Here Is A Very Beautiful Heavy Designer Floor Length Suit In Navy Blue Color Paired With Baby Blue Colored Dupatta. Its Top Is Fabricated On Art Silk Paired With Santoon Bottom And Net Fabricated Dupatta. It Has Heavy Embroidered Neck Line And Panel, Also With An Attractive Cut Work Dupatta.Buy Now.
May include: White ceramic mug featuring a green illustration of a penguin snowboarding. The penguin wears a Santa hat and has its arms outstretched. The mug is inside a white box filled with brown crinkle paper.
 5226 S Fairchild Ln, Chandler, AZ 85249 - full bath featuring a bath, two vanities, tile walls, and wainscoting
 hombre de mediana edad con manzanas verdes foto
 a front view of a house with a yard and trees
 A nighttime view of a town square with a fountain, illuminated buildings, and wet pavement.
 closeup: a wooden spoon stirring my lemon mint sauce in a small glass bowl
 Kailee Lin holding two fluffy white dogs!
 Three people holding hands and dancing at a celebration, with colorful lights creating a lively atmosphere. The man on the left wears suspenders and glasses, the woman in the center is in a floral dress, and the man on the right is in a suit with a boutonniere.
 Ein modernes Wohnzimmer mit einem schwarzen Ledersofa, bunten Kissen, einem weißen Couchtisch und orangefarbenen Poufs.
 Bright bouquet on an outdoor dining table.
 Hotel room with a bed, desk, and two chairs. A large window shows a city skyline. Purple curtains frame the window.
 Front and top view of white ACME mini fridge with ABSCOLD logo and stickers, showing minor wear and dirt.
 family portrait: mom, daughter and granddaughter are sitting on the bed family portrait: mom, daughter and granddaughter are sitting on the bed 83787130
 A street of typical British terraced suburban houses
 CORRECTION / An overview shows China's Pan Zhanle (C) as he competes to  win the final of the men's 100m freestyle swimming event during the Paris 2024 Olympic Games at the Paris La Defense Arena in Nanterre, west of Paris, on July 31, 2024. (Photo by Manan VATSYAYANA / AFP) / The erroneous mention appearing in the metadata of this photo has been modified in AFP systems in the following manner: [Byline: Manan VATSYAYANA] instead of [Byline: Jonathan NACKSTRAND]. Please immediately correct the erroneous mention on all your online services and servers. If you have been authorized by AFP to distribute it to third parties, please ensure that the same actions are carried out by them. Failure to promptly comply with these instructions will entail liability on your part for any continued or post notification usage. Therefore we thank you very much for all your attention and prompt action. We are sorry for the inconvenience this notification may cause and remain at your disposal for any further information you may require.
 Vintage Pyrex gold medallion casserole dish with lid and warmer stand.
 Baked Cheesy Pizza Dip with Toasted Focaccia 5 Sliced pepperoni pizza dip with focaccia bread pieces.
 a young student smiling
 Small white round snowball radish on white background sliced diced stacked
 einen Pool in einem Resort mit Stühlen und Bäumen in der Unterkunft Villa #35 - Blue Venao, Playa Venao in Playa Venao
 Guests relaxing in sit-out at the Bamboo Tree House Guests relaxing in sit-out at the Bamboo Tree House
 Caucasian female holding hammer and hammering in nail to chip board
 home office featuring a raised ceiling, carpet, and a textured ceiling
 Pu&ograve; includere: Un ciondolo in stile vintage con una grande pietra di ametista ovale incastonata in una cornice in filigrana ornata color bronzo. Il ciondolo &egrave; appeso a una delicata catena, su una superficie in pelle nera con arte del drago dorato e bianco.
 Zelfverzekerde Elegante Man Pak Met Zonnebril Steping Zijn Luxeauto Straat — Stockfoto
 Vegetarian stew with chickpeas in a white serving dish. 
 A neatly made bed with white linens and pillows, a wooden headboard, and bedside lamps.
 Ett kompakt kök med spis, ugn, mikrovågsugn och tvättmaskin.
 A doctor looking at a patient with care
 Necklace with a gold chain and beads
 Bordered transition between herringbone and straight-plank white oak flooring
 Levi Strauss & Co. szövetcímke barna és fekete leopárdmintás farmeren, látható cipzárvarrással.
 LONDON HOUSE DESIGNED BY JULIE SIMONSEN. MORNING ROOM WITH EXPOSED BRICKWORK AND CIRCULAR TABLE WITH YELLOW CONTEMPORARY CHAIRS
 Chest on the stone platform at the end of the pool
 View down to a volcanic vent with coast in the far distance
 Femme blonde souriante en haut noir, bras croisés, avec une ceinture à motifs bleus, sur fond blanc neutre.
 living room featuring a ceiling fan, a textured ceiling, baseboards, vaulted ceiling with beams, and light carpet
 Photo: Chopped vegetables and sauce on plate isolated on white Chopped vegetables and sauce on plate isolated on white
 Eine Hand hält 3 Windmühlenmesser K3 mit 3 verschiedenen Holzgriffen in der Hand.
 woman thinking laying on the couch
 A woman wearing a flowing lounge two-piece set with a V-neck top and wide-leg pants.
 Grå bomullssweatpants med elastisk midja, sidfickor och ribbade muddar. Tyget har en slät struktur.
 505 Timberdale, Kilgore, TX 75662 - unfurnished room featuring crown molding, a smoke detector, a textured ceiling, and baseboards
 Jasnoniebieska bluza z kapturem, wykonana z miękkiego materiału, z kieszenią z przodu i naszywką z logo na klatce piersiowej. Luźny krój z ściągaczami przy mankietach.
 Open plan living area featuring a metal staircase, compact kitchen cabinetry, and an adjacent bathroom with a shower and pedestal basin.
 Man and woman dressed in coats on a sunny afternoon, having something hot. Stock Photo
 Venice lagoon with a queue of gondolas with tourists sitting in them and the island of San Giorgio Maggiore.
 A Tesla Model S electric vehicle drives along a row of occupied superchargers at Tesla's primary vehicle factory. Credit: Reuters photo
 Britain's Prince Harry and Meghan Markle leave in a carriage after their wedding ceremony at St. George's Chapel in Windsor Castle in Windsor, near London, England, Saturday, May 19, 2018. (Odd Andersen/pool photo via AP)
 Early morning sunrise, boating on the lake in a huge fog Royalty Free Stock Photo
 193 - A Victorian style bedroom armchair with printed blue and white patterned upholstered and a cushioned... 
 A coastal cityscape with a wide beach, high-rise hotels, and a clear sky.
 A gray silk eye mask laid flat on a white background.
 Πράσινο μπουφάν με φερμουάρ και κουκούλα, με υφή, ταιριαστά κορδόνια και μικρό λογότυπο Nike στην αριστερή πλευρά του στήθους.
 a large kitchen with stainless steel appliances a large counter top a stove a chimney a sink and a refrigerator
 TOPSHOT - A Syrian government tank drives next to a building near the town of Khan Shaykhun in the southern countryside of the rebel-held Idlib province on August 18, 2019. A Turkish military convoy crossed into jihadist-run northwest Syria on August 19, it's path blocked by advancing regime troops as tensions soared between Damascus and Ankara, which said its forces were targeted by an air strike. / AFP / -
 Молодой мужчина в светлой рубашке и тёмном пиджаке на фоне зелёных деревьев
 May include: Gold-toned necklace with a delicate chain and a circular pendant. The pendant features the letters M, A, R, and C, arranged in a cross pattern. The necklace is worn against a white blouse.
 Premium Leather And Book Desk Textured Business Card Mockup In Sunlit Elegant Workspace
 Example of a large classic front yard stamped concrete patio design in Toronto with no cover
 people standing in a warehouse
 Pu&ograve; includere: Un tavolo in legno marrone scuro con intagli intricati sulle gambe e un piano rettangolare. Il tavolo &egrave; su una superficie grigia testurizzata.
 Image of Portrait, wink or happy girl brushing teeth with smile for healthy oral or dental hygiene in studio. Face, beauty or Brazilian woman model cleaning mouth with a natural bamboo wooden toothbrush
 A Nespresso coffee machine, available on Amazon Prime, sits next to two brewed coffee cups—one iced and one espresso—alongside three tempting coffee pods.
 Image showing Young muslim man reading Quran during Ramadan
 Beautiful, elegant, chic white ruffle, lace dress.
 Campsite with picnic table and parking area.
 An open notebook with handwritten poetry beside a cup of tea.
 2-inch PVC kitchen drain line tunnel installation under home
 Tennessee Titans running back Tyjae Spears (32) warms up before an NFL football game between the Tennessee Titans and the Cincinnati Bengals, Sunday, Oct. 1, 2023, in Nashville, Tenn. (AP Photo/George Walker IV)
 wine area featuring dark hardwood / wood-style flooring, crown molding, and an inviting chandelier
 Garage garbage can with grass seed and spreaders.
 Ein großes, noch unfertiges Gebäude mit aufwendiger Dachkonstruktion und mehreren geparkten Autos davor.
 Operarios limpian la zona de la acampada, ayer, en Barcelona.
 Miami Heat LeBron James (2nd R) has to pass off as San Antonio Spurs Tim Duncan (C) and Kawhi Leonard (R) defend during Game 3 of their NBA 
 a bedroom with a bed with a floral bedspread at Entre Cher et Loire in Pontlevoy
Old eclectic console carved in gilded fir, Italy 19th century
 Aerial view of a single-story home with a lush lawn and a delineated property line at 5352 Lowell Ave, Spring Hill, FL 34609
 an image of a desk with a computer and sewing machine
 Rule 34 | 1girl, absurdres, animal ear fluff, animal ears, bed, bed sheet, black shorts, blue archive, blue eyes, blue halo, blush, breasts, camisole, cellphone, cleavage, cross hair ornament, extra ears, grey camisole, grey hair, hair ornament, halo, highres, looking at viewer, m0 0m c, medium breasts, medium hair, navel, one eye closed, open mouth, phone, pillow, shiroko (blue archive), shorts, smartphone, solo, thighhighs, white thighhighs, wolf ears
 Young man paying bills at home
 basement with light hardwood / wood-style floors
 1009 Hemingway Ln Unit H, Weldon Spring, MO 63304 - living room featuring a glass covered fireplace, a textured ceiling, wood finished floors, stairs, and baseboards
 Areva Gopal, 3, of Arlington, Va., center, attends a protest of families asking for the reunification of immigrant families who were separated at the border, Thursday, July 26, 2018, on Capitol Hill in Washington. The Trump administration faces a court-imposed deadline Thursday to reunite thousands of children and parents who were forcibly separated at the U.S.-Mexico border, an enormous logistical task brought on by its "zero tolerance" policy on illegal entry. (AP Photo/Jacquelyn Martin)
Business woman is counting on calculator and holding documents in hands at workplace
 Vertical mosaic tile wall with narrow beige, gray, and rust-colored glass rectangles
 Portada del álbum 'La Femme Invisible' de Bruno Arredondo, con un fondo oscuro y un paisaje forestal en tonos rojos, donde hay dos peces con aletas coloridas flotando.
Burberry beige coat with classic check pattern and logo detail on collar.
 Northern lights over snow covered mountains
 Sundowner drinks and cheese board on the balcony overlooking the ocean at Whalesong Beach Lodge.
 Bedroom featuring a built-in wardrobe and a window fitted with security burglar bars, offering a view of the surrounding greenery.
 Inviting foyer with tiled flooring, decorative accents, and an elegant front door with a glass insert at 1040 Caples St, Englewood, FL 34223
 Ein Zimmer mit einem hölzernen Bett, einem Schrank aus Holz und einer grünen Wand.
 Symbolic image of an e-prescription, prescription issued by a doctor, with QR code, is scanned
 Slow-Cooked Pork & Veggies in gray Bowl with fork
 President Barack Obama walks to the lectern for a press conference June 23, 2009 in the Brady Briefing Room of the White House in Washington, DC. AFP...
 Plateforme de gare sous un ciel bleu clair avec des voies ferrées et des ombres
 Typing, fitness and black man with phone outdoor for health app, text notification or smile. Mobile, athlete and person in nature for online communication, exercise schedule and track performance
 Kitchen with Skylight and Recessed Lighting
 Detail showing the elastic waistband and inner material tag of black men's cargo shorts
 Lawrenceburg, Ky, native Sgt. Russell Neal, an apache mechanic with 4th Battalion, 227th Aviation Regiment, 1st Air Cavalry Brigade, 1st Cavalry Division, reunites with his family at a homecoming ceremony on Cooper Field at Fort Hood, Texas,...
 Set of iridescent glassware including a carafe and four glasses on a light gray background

★ ★ ★

- Task objective
In the listing above, find the line with "a young student smiling" and the line with "Caucasian female holding"; output exactly those lines and all lines between them.

- Task output
 a young student smiling
 Small white round snowball radish on white background sliced diced stacked
 einen Pool in einem Resort mit Stühlen und Bäumen in der Unterkunft Villa #35 - Blue Venao, Playa Venao in Playa Venao
 Guests relaxing in sit-out at the Bamboo Tree House Guests relaxing in sit-out at the Bamboo Tree House
 Caucasian female holding hammer and hammering in nail to chip board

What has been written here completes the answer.